Hasta donde sabemos, el suscrito por Bolívar y Morillo en 1820, es el primer tratado internacional sobre la regularización de la guerra y el tratamiento a los prisioneros y a la población civil. Presentamos el texto completo de dicho tratado y dos fragmentos del Diario de Bucaramanga de Luis Perú de Lacroix, en los que […]

Hasta donde sabemos, el suscrito por Bolívar y Morillo en 1820, es el primer tratado internacional sobre la regularización de la guerra y el tratamiento a los prisioneros y a la población civil.

Presentamos el texto completo de dicho tratado y dos fragmentos del Diario de Bucaramanga de Luis Perú de Lacroix, en los que hace referencia a lo que pensaba en ese momento el Libertador sobre Colombia y a su entrevista con Morillo y los pormenores de la negociación del tratado.

ABRIL DE 1828

DÍA 24
Noticias llegadas en los correos de Bogotá, del Sur y de Venezuela: -Esclavitud del pueblo colombiano. -Quiénes son los libres en Colombia. -Quiénes son los que quieren la igualdad y por qué. – El Libertador difiere su paseo a Rionegro. -El general Soublette decide no acompañar a S.E. 

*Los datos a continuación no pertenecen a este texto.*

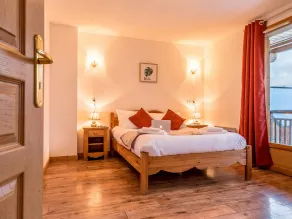 Les Chalets du Berger by Interhome - Image 3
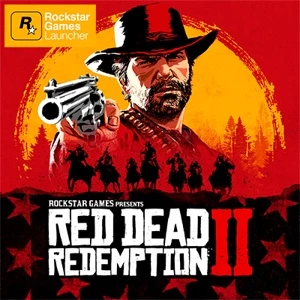 RED DEAD REDEMPTION 2 RDR 2 ONLINE PARA PC - ORIGINAL ROCKST - Outros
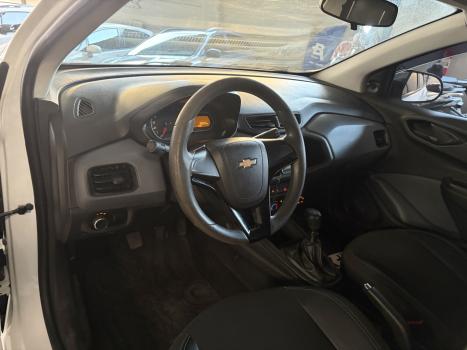 CHEVROLET Joy 1.0 4P FLEX BLACK, Foto 13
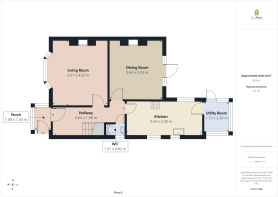 Downstairs Floorplan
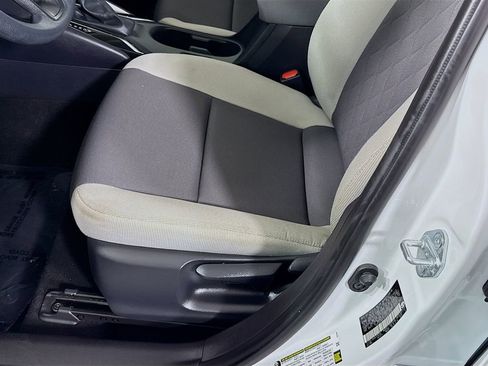 Certified 2026 Toyota Corolla LE w/ LE Premium Package FWD image 24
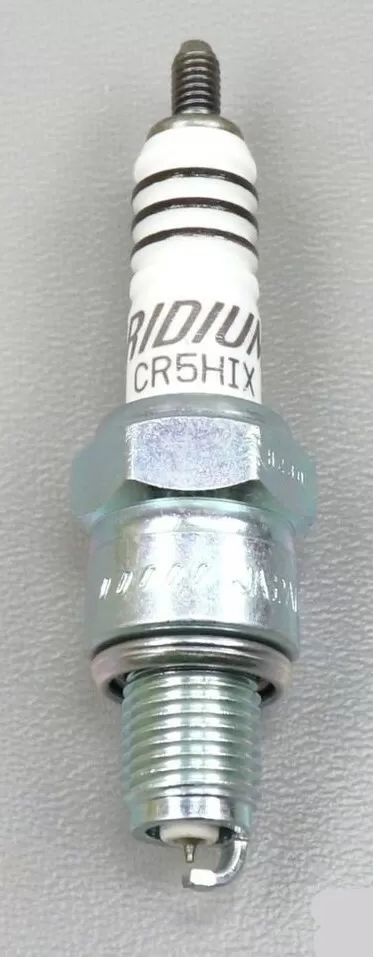 NGK Spark Plug Iridium CR5HI-X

Los correos de Bogotá, del Sur y de Venezuela llegaron esta mañana y las cartas particulares, así como las comunicaciones, hablan todas del estado de efervescencia de aquellos países y de la irritación general que se manifiesta contra la convención (de Ocaña) y contra los individuos del partido santanderista que se hallan en las provincias.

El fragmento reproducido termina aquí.